__WORK INSTRUCTIONS__: Only the lines from the start of the entries through the line with "With the sales" should be returned, each exactly as it stands, and no pictures.

Saved entries
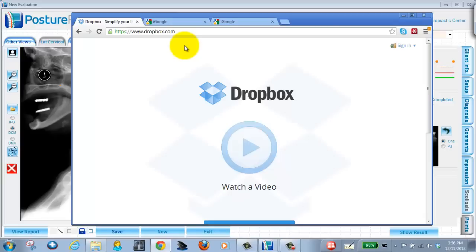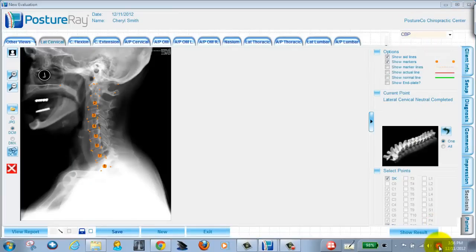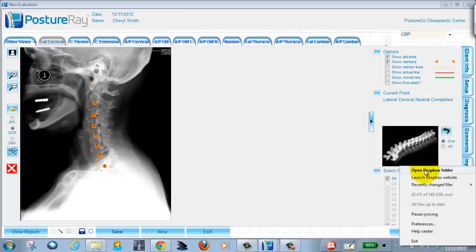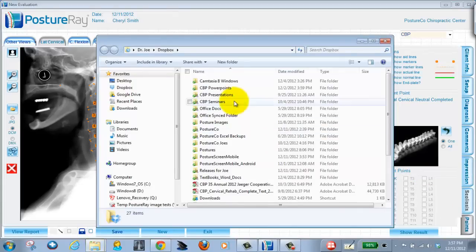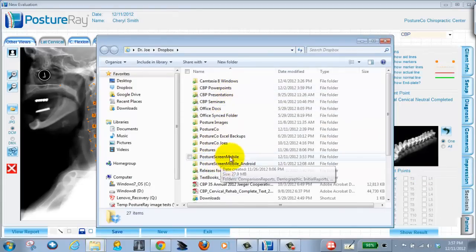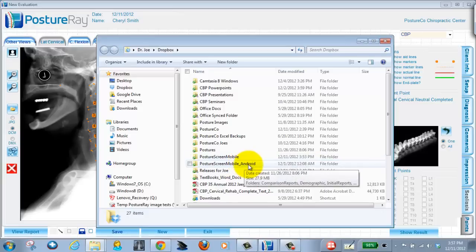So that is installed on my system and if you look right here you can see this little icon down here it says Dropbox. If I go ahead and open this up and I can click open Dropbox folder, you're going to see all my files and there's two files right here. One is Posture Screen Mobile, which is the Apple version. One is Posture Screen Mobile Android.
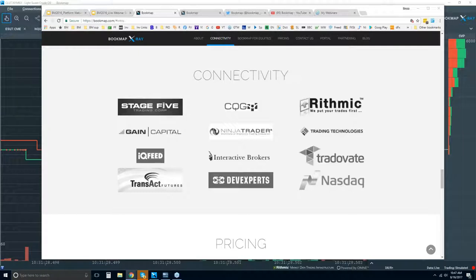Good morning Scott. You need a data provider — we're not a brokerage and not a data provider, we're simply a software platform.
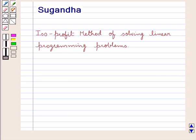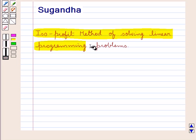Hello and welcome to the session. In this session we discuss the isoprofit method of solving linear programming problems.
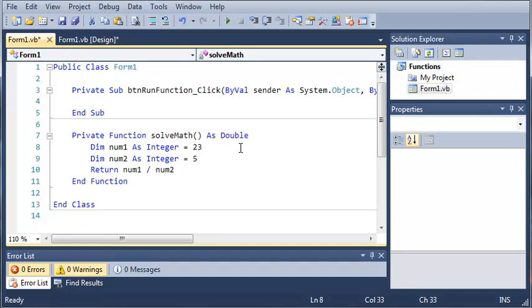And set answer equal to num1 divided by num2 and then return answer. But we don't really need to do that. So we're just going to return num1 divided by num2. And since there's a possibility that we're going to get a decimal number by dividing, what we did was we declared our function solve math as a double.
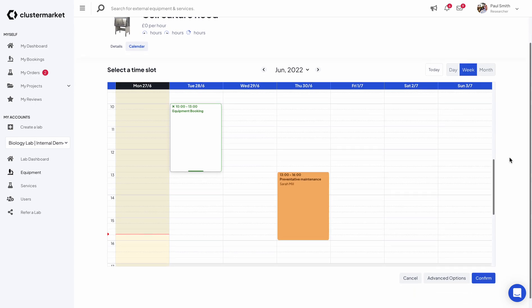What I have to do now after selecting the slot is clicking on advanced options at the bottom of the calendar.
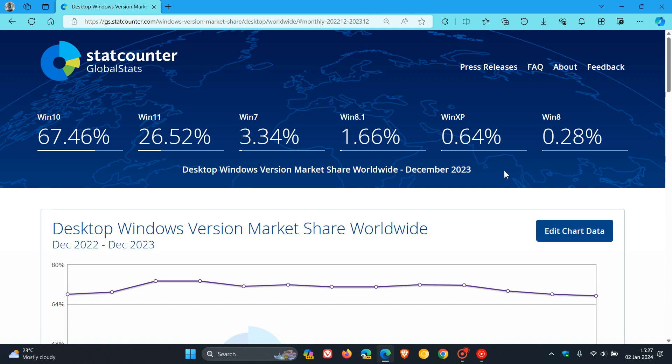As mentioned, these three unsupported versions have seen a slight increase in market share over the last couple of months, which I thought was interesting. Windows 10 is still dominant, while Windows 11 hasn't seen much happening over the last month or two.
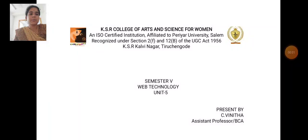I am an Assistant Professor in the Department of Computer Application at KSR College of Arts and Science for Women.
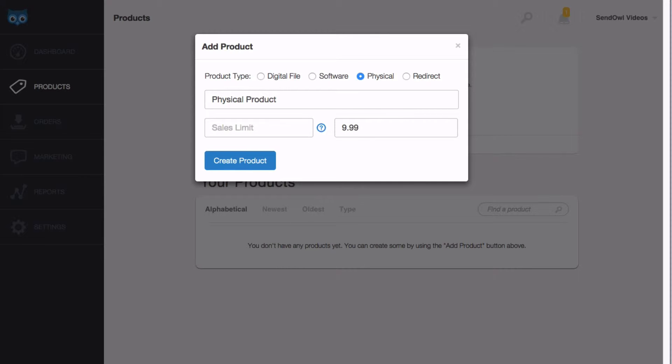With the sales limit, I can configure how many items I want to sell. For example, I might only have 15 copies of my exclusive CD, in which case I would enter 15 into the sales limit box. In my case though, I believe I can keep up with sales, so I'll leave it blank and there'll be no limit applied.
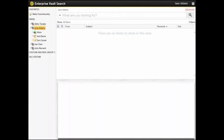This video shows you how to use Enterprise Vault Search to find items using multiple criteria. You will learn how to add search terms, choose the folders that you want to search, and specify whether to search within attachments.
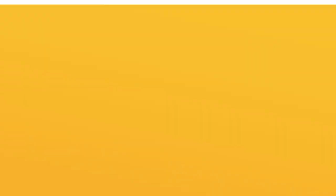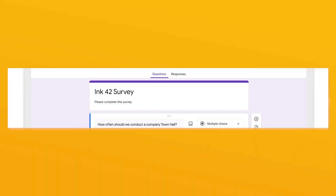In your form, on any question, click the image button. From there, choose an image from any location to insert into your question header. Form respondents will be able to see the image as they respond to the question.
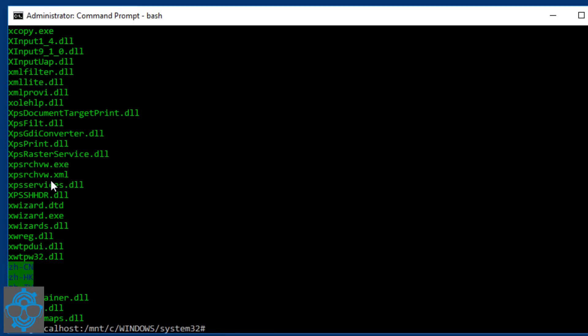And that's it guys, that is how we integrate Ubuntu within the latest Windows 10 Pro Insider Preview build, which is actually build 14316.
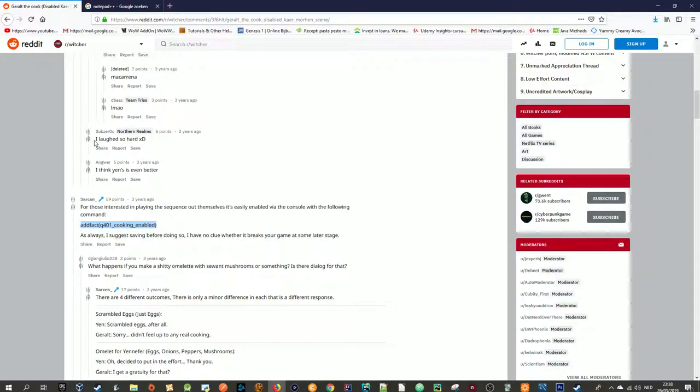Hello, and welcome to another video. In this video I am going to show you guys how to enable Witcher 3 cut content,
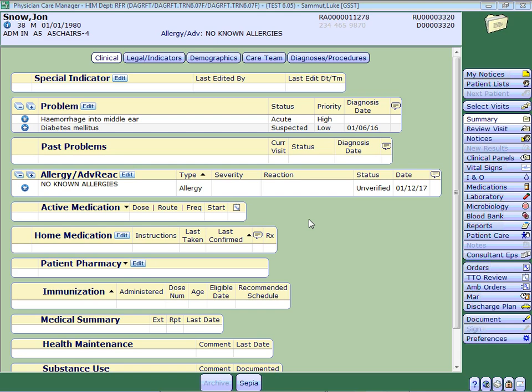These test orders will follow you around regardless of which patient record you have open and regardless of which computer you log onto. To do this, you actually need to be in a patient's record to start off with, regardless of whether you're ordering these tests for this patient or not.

__ANSWER SPACE__:
So that is installed on my system and if you look right here you can see this little icon down here it says Dropbox. If I go ahead and open this up and I can click open Dropbox folder, you're going to see all my files and there's two files right here. One is Posture Screen Mobile, which is the Apple version. One is Posture Screen Mobile Android.
Good morning Scott. You need a data provider — we're not a brokerage and not a data provider, we're simply a software platform.
Hello and welcome to the session. In this session we discuss the isoprofit method of solving linear programming problems.
And set answer equal to num1 divided by num2 and then return answer. But we don't really need to do that. So we're just going to return num1 divided by num2. And since there's a possibility that we're going to get a decimal number by dividing, what we did was we declared our function solve math as a double.
What I have to do now after selecting the slot is clicking on advanced options at the bottom of the calendar.
As mentioned, these three unsupported versions have seen a slight increase in market share over the last couple of months, which I thought was interesting. Windows 10 is still dominant, while Windows 11 hasn't seen much happening over the last month or two.
I am an Assistant Professor in the Department of Computer Application at KSR College of Arts and Science for Women.
With the sales limit, I can configure how many items I want to sell. For example, I might only have 15 copies of my exclusive CD, in which case I would enter 15 into the sales limit box. In my case though, I believe I can keep up with sales, so I'll leave it blank and there'll be no limit applied.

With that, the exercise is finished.